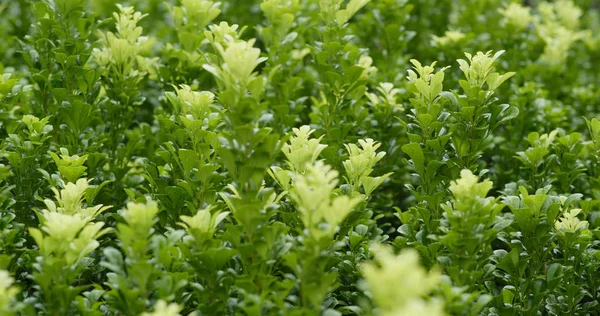 Groene Plant Met Breeze Close — Stockfoto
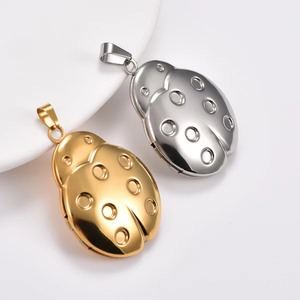 Bonito Collar con Colgante de Acero Inoxidable con Marco de Fotos de Mariquita para Mujer y Hombre, Cadena con Dijes de Marco de Fotos para Guardar Recuerdos, Joyería Metálica - Product Image 2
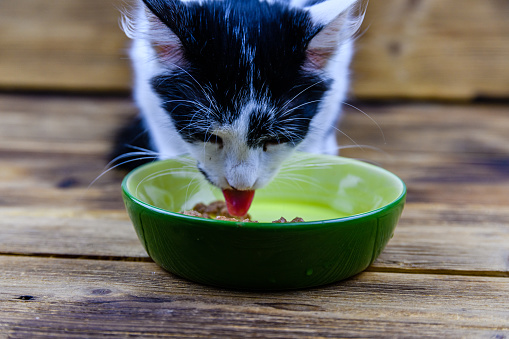Little kitten eating food from pet bowl
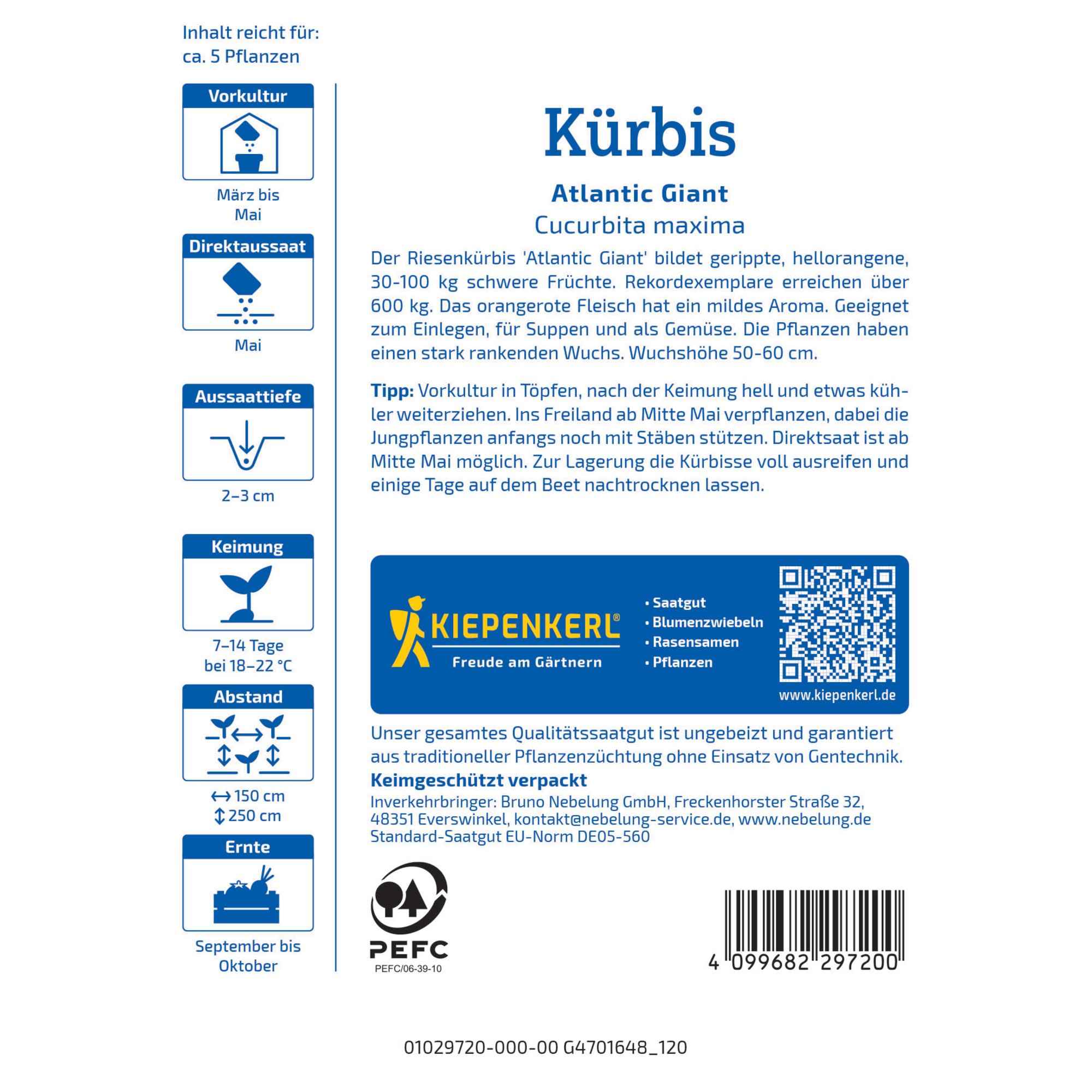 Kürbis 'Atlantic Giant'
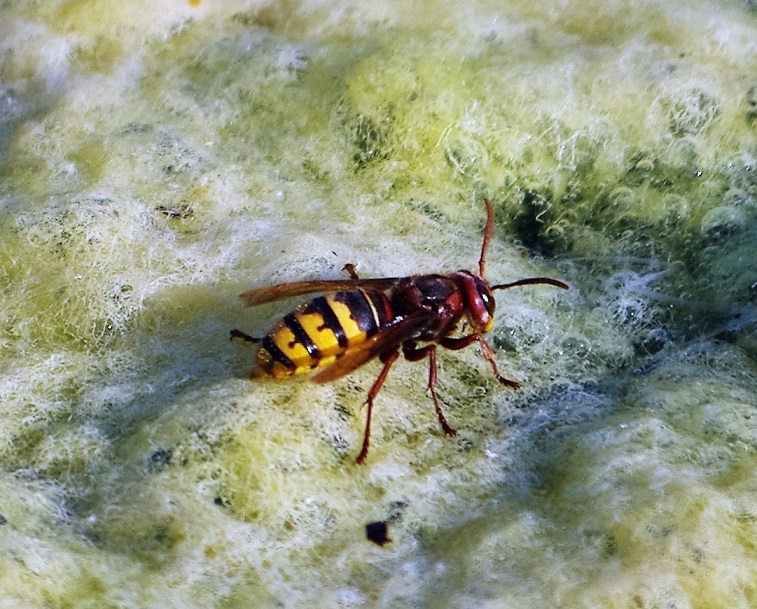 VESPIDAE Vespa crabro 2 (frelon d'Europe).JPG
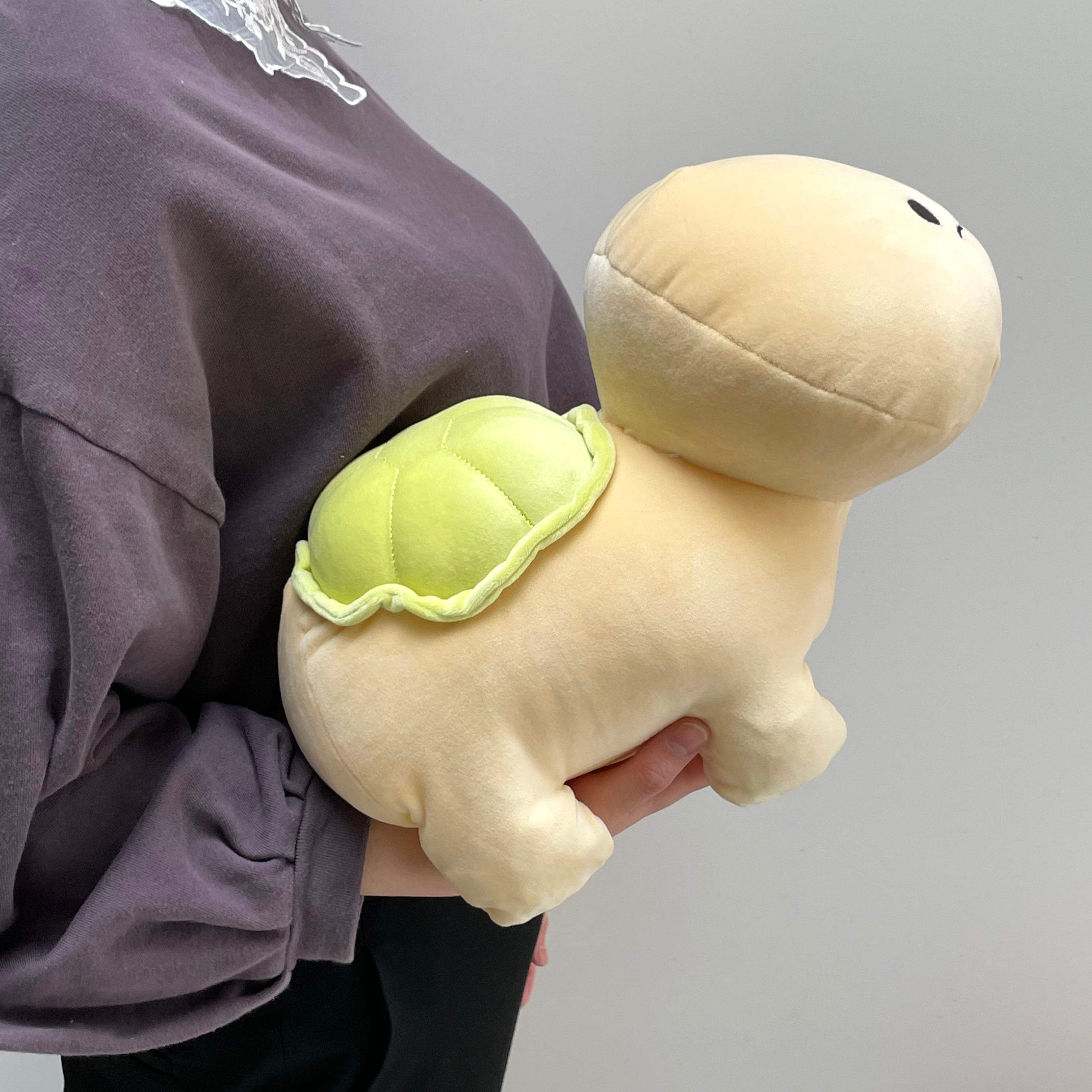 mof】マスコットS ミドリガメ /TM113-24 | ACCENT STORE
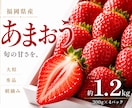 バナー・WEB画像【1枚3,000円】で作ります 伝わるだけじゃない。反応を生むWEB画像を。 イメージ2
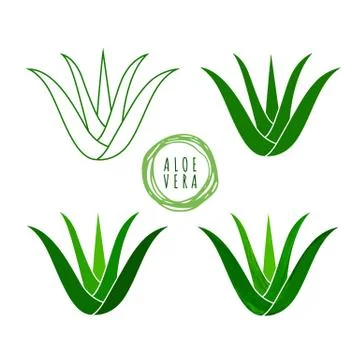 Aloe vera logo vector illustration on white background Stock Illustration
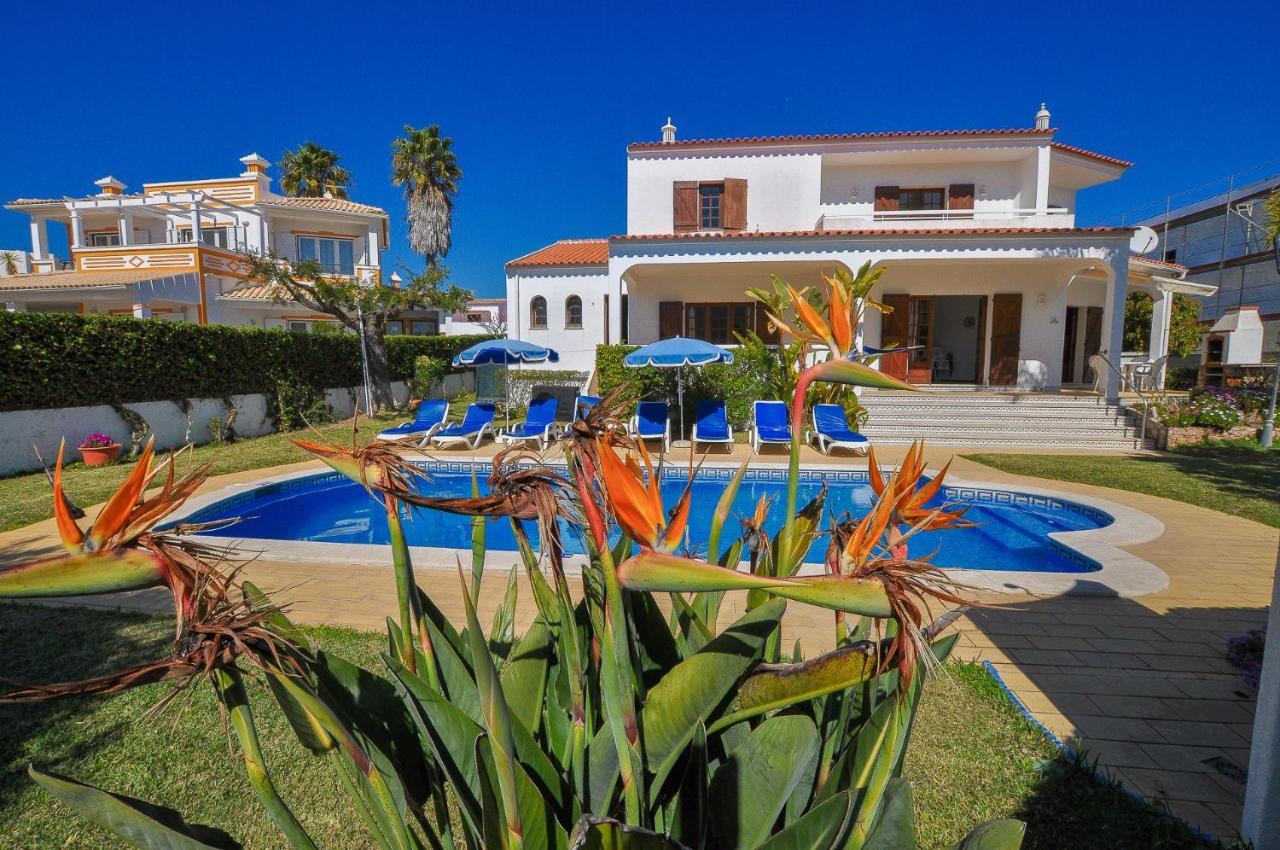 Casa Das Palmeiras By Ocvillas البوفيرا المظهر الخارجي الصورة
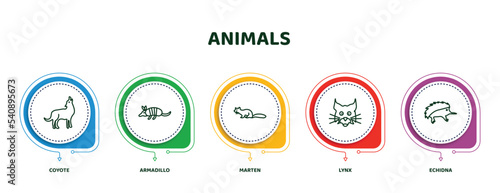 editable thin line icons with infographic template. infographic for animals concept. included coyote, armadillo, marten, lynx, echidna icons.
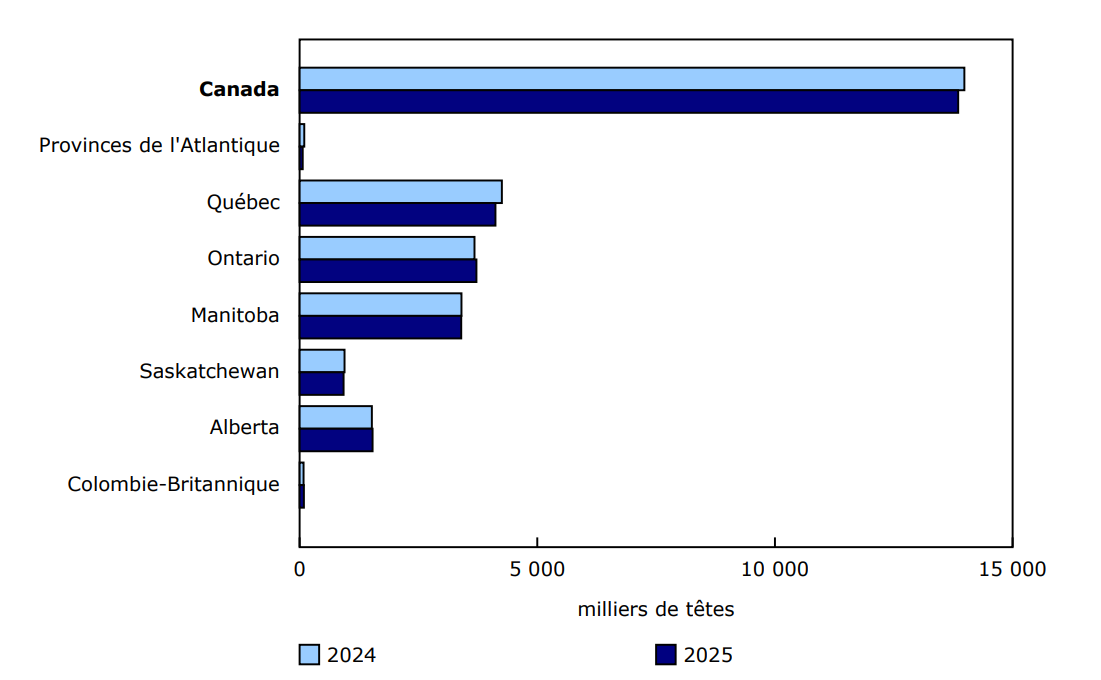 Graphique 2 - Total des stocks de porcs au 1er janvier 2024 et au 1er janvier 2025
============================================================
• The problem: Word for word, write out the lines from the top of the records above down to the line holding "Casa Das Palmeiras", inclusive, but not the pictures.

• Problem solution:
 Groene Plant Met Breeze Close — Stockfoto
 Bonito Collar con Colgante de Acero Inoxidable con Marco de Fotos de Mariquita para Mujer y Hombre, Cadena con Dijes de Marco de Fotos para Guardar Recuerdos, Joyería Metálica - Product Image 2
Little kitten eating food from pet bowl
 Kürbis 'Atlantic Giant'
 VESPIDAE Vespa crabro 2 (frelon d'Europe).JPG
 mof】マスコットS ミドリガメ /TM113-24 | ACCENT STORE
 バナー・WEB画像【1枚3,000円】で作ります 伝わるだけじゃない。反応を生むWEB画像を。 イメージ2
 Aloe vera logo vector illustration on white background Stock Illustration
 Casa Das Palmeiras By Ocvillas البوفيرا المظهر الخارجي الصورة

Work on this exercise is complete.